A Somber Time in Thailand, but Teaching Goes On
It’s a major event when a King of 70 years passes away, particular one who was credited widely with holding a country together through numerous periods of significant turmoil. So when it was announced just mere moments after my arrival in Thailand that HRH Bhumibol Adulyadej had died, I wondered if my week of teaching would go on as planned. It did, and while most participants dressed in black & white (as did I), and there was much discussion of the beloved King and the future of Thailand, the participants were also attentive and engaged; they may even have appreciated the distraction.
With a full week there was time to do some of everything: A Design Thinking & Collaborative Problem Solving workshop, a substantial multi-day Big Data course, a research talk, and a women-in-technology roundtable. Everything went remarkably smoothly. Much of the credit goes to my highly organized but still pleasantly relaxed hosts: a Computer Engineering professor who’s been on the faculty at Kasetsart University more than 25 years, paired with a young Lecturer who clearly enjoyed organizing numerous meals and celebrations while also participating fully in the workshops and courses.
While I may eventually tire of covering the same material over and over, I’m certainly not there yet. It was only the second time out for my modules on data analysis and machine learning using the Python language. In Bhutan I struggled with many technical obstacles; this time the internet was fast and the students were experienced programmers. We breezed through the material and I have no doubt many participants can immediately put what they learned into practice.

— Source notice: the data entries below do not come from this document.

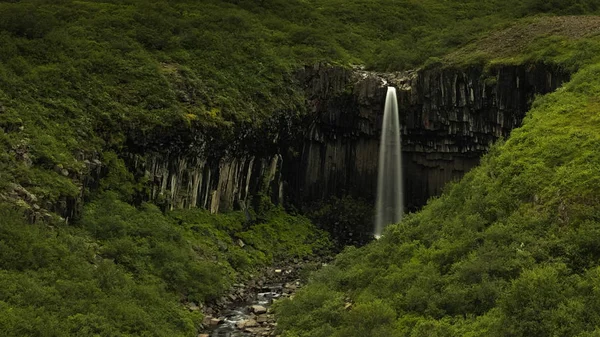 Hosszú Expozíció Svartifoss Vízesés Távolság Víz Fölött Bazalt Oszlopok Alá — Stock Fotó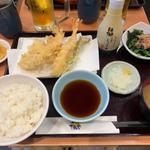 海老とイカの上天ぷら定食(天丼てんや 御徒町店)
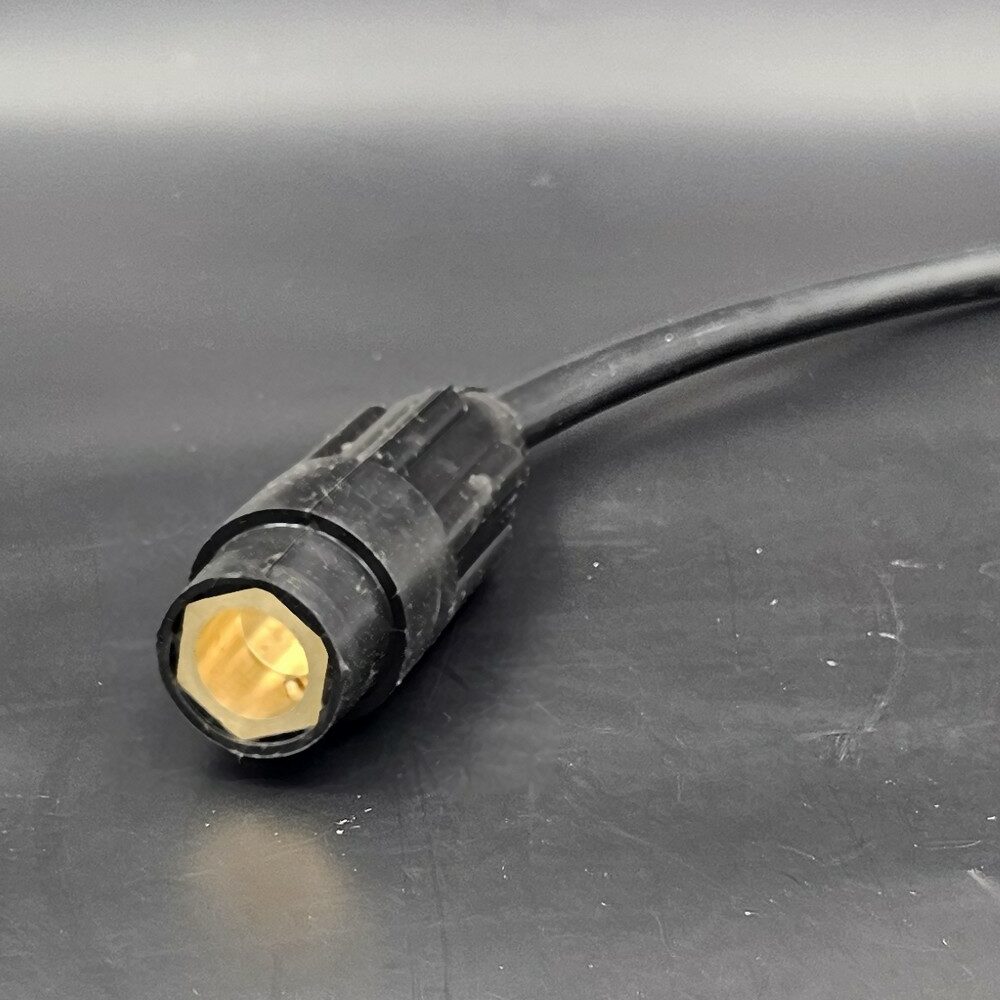 Série 600 : connecteur femelle - Y605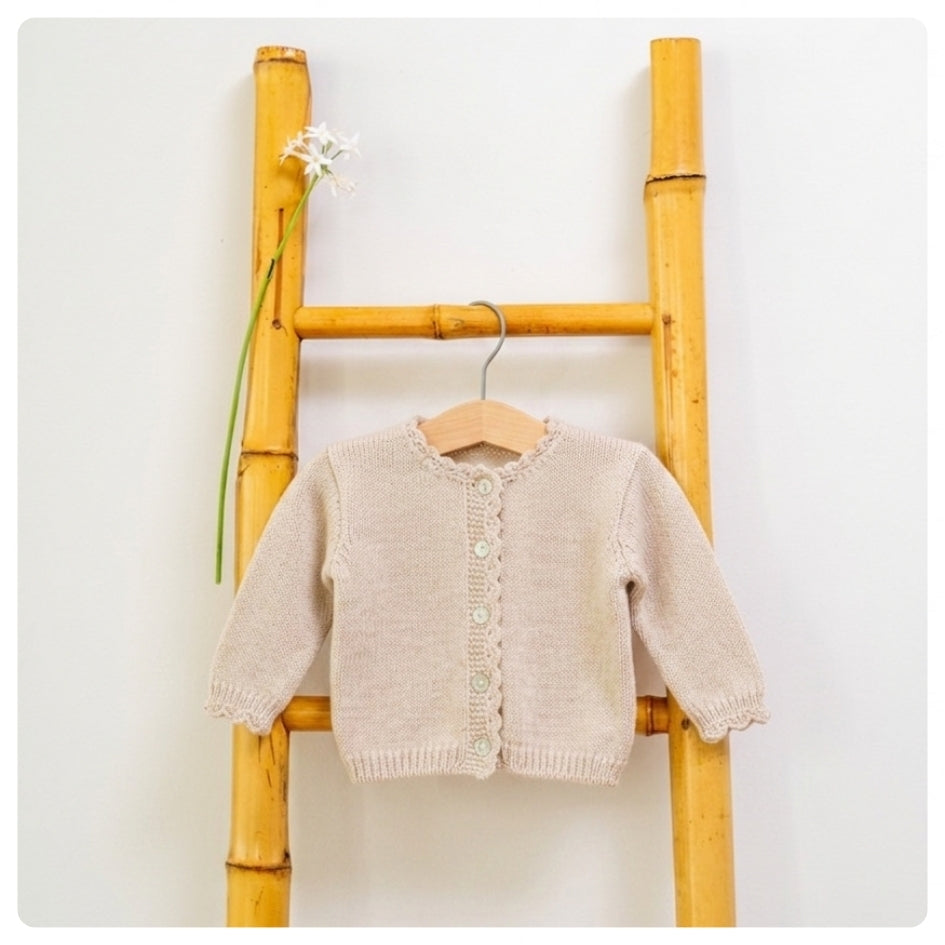 Saquito beige crochet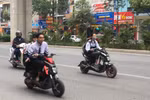Phụ huynh, học sinh Hà Nội thản nhiên vi phạm An toàn giao thông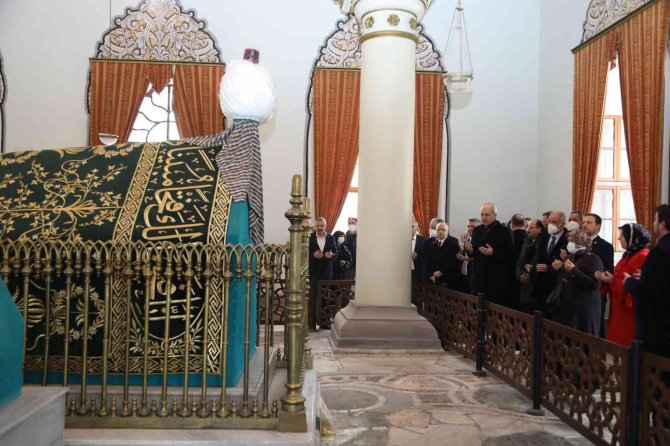 Numan Kurtulmuş’tan Bursa’da Tarih Turu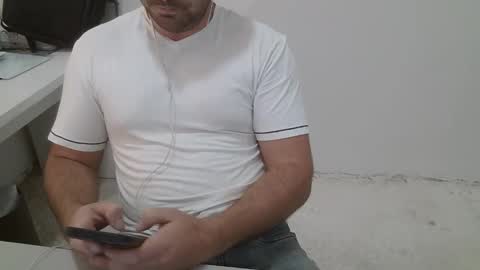 Snapshot of danioli614 chatting on November 11, 10:32 pm Dani Oli online show from November 11, 10:32 pm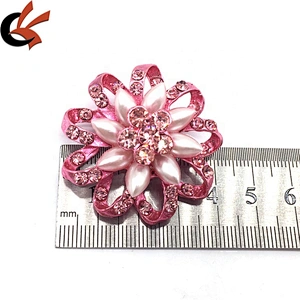 Custom Newest Color Metal Base Plating Rhinestone Fashion Women Crystal Rhinestone Pink Brooch Pin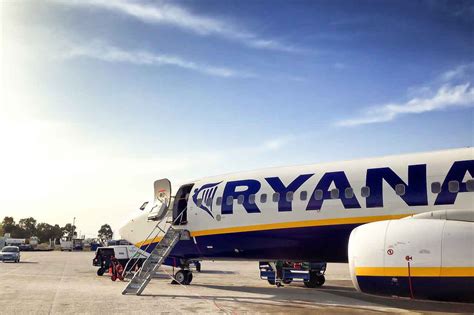 Ryanair Bus Barcelona Girona Airport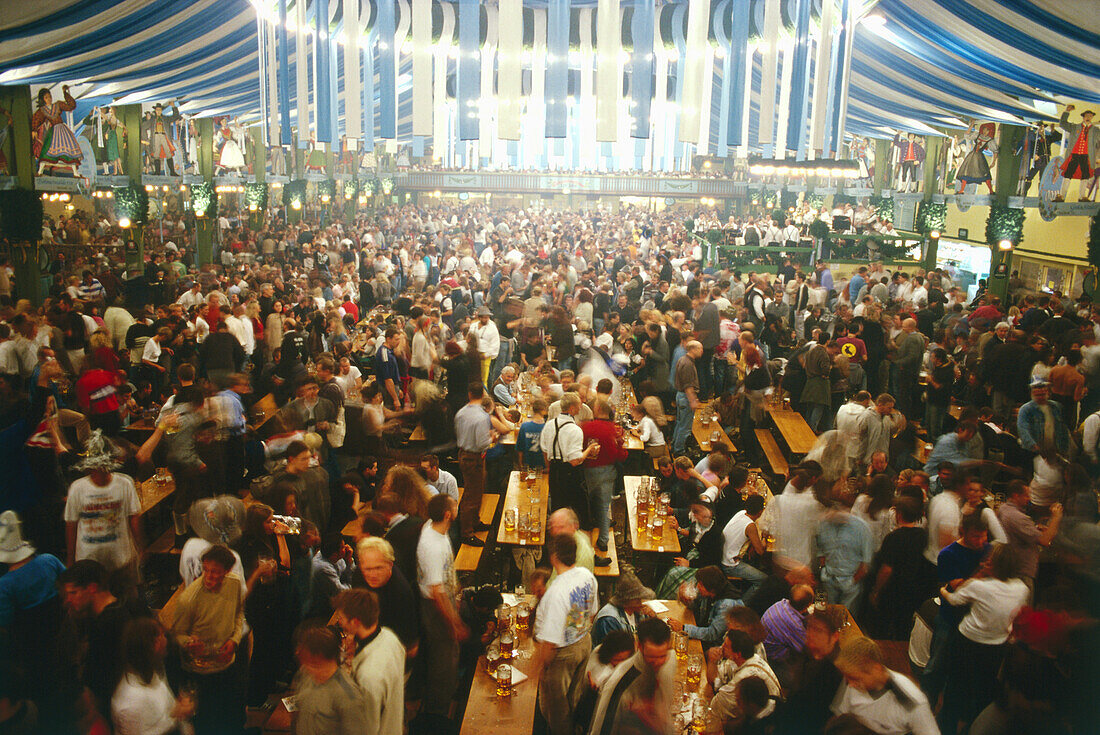 Blick ins volle Bierzelt Spatenbräu, Oktoberfest, München, Bayern, Deutschland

On the urging of a Thai Stanford student who was one of my best-ever teaching assistants, I traveled across Bangkok one afternoon to visit his alma mater: Mahidol Wittayanusorn School (MWIT). It’s one of the top math and science high schools in the country, providing free tuition and room & board for students who get in. My Big Data overview for final-year students was in a large, glittering auditorium with a formal stage — not very conducive to audience interaction, but I insisted on it anyway. While a few of the students dozed, most of them paid attention, and they set a speed record when I posed a problem requiring knowledge of combinatorics.
Each year a handful of MWIT graduates are awarded Thai government or royal scholarships and head off to universities across the globe. The rest of them, to nearly a one, stay in Thailand and study medicine. These high-performing students have their choice of career, and medical doctor is the most prestigious and highest paying profession in the country. I impressed upon them in no uncertain terms that if their goal is to have the greatest possible impact on human health then they should be studying computer science! But I’m not certain that is their goal. When I met with a group of successful women computer scientists and engineers a couple of days later, I learned that each one of them had, at some point, bucked family expectations that they would become a doctor.
Back on the home front, Stanford News put out a very nice article about my sabbatical: Stanford Professor embarks on an international teaching odyssey. So now my pet acronym — MOIC, for Massive Open In-Person (as opposed to Online) Course — has been publicized. I’m not holding my breath for it to catch on.